Fourth Quarter 2018 Highlights:

  • Total revenues of $327.9 million, down 10% from $363.0 million in the prior year.

    • Total revenues were approximately flat after excluding the impact from the removal of ATMs at 7-Eleven locations in the U.S. and on a constant-currency basis.

    • Growth in North America total revenues of 2%, excluding the 7-Eleven impact and on a constant currency basis.

    • Same-store withdrawal transactions in the U.S. were up 6% for the quarter.

  • ATM operating revenues of $314.1 million, down 9% from $346.2 million in the prior year and approximately flat, excluding the impact from the removal of ATMs at 7-Eleven locations in the U.S. and on a constant-currency basis.

  • GAAP net loss of $(6.1) million, or $(0.13) per diluted share, compared to GAAP net income of $16.0 million, or $0.35 per diluted share in the prior year.

  • Adjusted EBITDA of $68.5 million, down 24% from $89.8 million in the prior year, primarily impacted by the removal of ATMs at 7-Eleven locations in the U.S.

  • Adjusted net income per diluted share of $0.47 compared to $0.73 in the prior year, impacted by the removal of ATMs at 7-Eleven locations in the U.S.

  • Adjusted free cash flow of $32.4 million, up from $20.9 million in the prior year.

  • New managed service relationships with three new financial institution partners to manage nearly 200 ATMs.

  • Added 214 new financial institutions to our Allpoint Network.

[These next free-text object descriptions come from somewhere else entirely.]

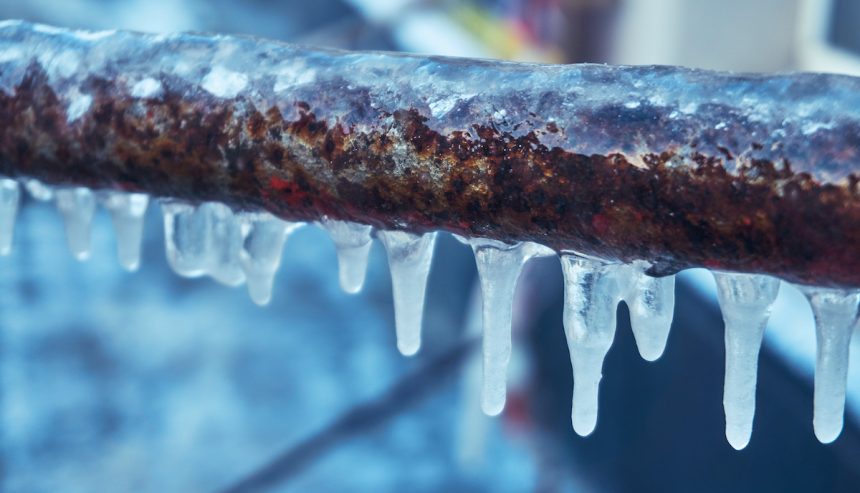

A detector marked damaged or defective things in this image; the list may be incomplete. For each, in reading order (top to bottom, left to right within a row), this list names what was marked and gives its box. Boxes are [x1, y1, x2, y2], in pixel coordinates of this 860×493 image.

rusty pipe [0, 21, 856, 286]
corroded metal surface [1, 21, 860, 286]
brown rust stain [1, 66, 860, 288]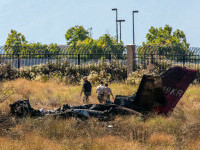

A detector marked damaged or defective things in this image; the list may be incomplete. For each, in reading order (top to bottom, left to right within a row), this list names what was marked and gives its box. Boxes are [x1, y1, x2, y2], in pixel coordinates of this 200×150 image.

burned debris [9, 67, 197, 120]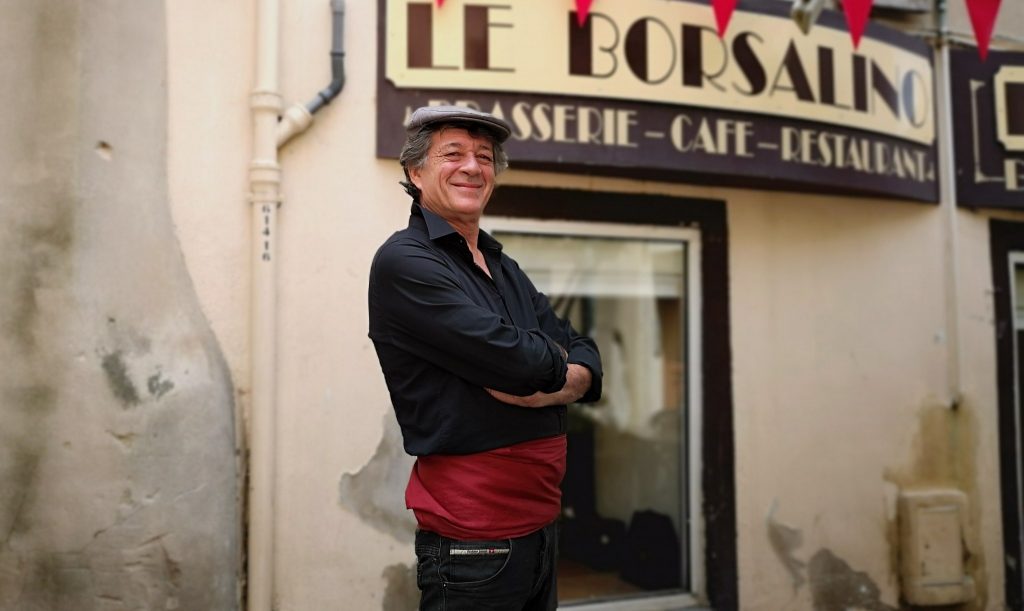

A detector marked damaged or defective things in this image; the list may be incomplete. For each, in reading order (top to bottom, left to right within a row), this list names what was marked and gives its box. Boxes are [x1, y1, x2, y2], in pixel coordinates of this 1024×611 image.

peeling paint patch [100, 350, 140, 407]
peeling paint patch [337, 415, 413, 544]
peeling paint patch [765, 499, 802, 585]
peeling paint patch [382, 560, 417, 609]
peeling paint patch [806, 548, 897, 609]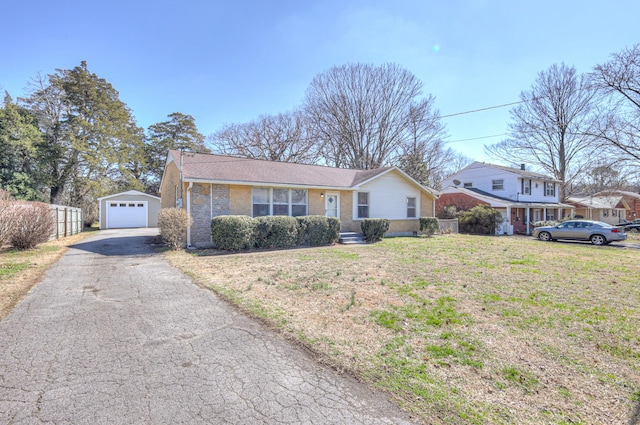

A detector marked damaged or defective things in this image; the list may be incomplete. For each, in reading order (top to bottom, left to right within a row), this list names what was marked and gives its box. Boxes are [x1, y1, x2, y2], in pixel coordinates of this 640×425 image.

cracked pavement [0, 230, 418, 422]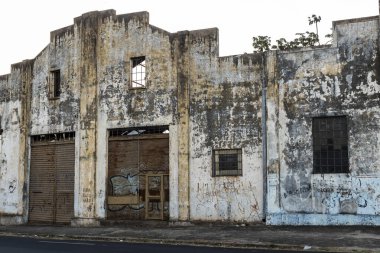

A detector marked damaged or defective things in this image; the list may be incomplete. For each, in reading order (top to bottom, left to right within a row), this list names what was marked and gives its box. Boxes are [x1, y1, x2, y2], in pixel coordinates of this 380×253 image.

corroded metal door [29, 137, 74, 224]
rusted metal shutter [29, 138, 74, 225]
corroded metal door [107, 132, 168, 219]
broken window [212, 148, 242, 176]
broken window [314, 116, 348, 174]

  • Entered into an amended and expanded $600 million revolving credit facility with a renewed five-year term through 2023 with improved flexibility, pricing, and covenants. In conjunction with the expanded credit facility, the Company redeemed its 2022 Notes.

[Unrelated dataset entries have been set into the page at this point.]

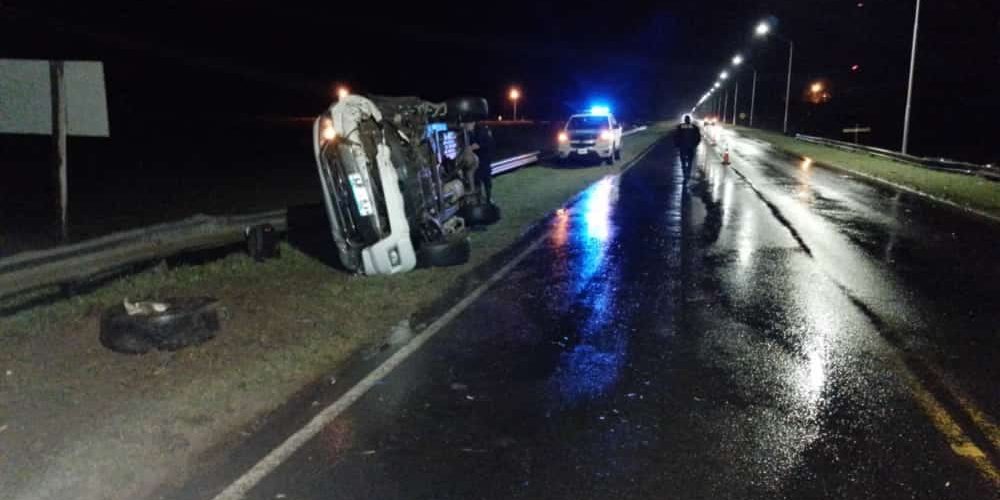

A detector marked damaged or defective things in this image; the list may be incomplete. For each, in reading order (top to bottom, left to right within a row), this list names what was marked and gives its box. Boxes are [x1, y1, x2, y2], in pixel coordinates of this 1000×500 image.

overturned white pickup truck [312, 95, 500, 276]
detached tire [464, 203, 504, 227]
detached tire [418, 235, 472, 270]
detached tire [98, 298, 220, 354]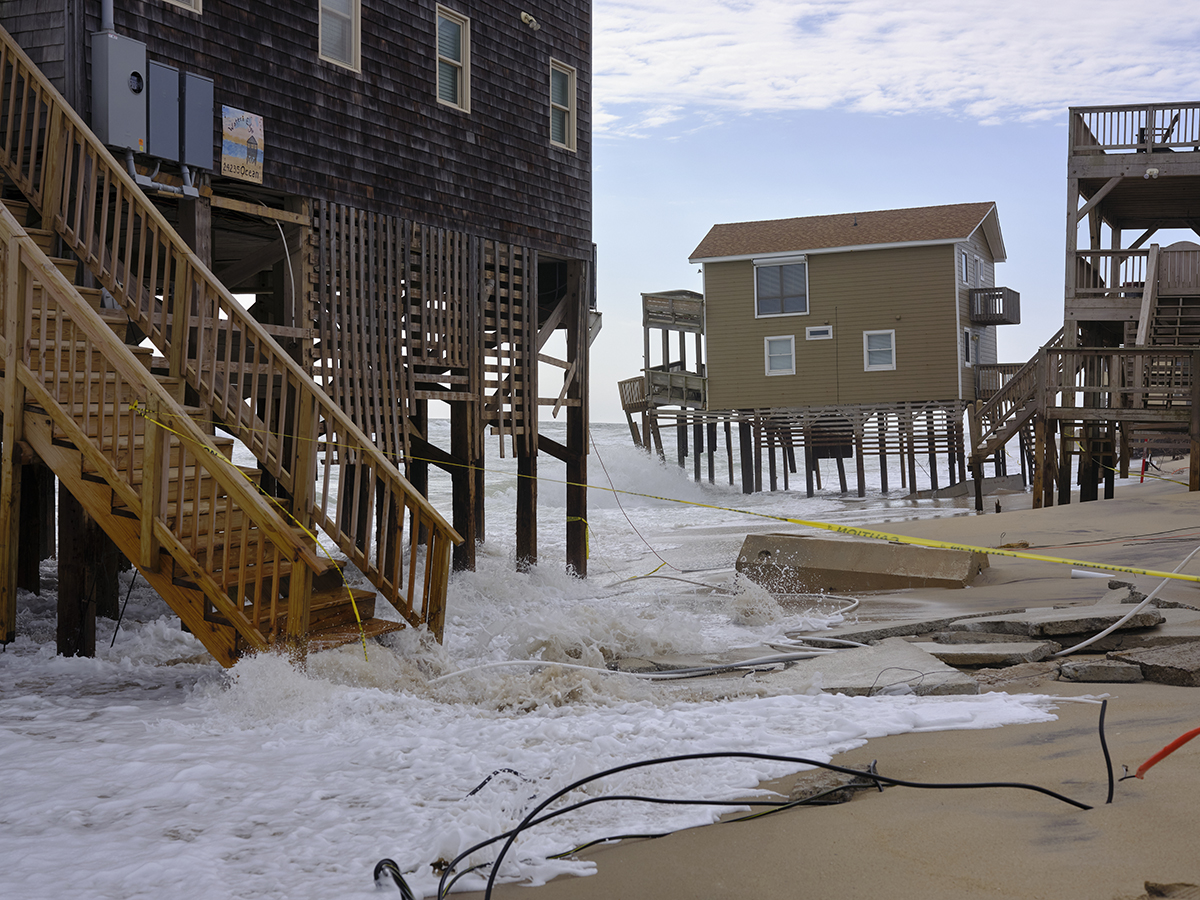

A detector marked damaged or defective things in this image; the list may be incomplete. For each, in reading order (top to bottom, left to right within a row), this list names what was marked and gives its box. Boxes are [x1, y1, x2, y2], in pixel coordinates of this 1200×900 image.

broken concrete slab [736, 536, 988, 596]
broken concrete slab [948, 604, 1160, 640]
broken concrete slab [764, 636, 980, 700]
broken concrete slab [908, 640, 1056, 668]
broken concrete slab [1056, 652, 1144, 684]
broken concrete slab [1104, 636, 1200, 684]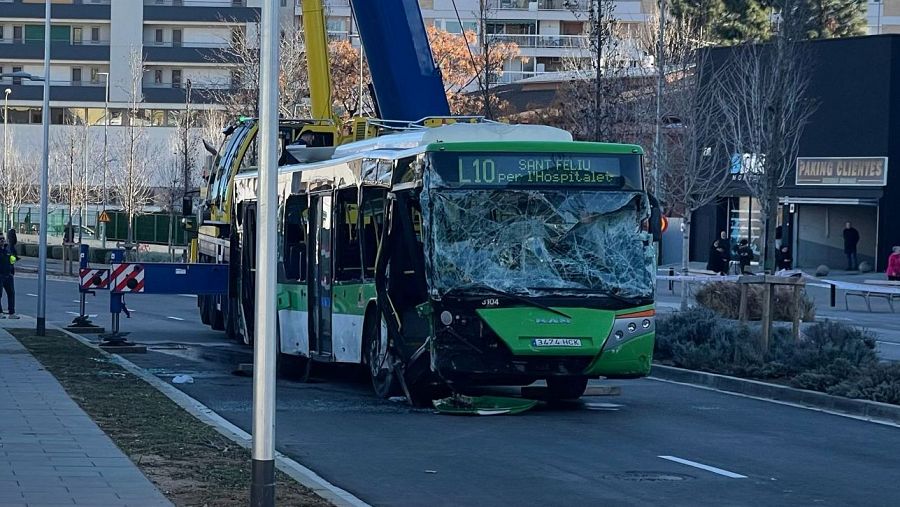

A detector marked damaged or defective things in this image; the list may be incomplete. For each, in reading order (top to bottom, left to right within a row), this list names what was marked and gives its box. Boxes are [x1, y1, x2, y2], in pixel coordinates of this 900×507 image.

damaged green bus [229, 122, 656, 404]
shattered windshield [422, 188, 652, 300]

Full-Year 2018 Highlights:

  • Total revenues of $1.35 billion, down 11% from $1.51 billion in the prior year.

  • ATM operating revenues of $1.30 billion, down 11% from $1.45 billion in the prior year and approximately flat excluding the impact from the removal of ATMs at 7-Eleven locations in the U.S.

  • GAAP net income of $3.7 million, or $0.08 per diluted share, compared to GAAP net loss of $(145.4) million, or $(3.19) per diluted share in the prior year. The prior year result was impacted by non-cash impairment charges related to the Company’s Australia operation.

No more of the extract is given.